Excerpts from a dataset:
·····

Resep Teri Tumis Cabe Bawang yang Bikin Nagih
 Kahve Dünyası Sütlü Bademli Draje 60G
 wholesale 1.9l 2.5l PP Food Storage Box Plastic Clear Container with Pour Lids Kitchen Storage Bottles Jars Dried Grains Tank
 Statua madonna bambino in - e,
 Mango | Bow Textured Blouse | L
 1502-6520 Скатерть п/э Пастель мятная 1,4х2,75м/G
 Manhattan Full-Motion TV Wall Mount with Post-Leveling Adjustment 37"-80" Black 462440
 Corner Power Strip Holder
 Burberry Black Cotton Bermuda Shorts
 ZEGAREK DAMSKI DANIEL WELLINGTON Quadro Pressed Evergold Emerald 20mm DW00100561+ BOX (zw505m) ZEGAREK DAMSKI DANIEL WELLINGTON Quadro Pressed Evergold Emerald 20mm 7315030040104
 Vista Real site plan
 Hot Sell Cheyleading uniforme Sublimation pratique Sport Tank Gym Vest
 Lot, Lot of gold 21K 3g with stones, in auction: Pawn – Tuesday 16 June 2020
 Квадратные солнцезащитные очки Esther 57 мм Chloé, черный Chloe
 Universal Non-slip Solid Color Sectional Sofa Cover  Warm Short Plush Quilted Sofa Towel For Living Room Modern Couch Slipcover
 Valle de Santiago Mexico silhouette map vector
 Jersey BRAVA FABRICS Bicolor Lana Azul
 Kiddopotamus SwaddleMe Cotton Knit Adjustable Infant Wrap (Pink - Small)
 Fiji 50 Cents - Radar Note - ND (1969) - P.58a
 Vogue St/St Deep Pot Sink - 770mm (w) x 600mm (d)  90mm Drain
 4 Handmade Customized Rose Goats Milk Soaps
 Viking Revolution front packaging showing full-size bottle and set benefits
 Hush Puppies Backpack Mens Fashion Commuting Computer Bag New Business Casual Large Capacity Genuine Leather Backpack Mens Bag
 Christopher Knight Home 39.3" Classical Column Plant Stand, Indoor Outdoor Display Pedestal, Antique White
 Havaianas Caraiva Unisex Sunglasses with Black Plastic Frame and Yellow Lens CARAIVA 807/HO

·····

__What you need to do__
From the entries above, extract only the lines running from the one containing "Corner Power Strip Holder" through the one containing "Lot, Lot of", inclusive.

__Problem solution__
 Corner Power Strip Holder
 Burberry Black Cotton Bermuda Shorts
 ZEGAREK DAMSKI DANIEL WELLINGTON Quadro Pressed Evergold Emerald 20mm DW00100561+ BOX (zw505m) ZEGAREK DAMSKI DANIEL WELLINGTON Quadro Pressed Evergold Emerald 20mm 7315030040104
 Vista Real site plan
 Hot Sell Cheyleading uniforme Sublimation pratique Sport Tank Gym Vest
 Lot, Lot of gold 21K 3g with stones, in auction: Pawn – Tuesday 16 June 2020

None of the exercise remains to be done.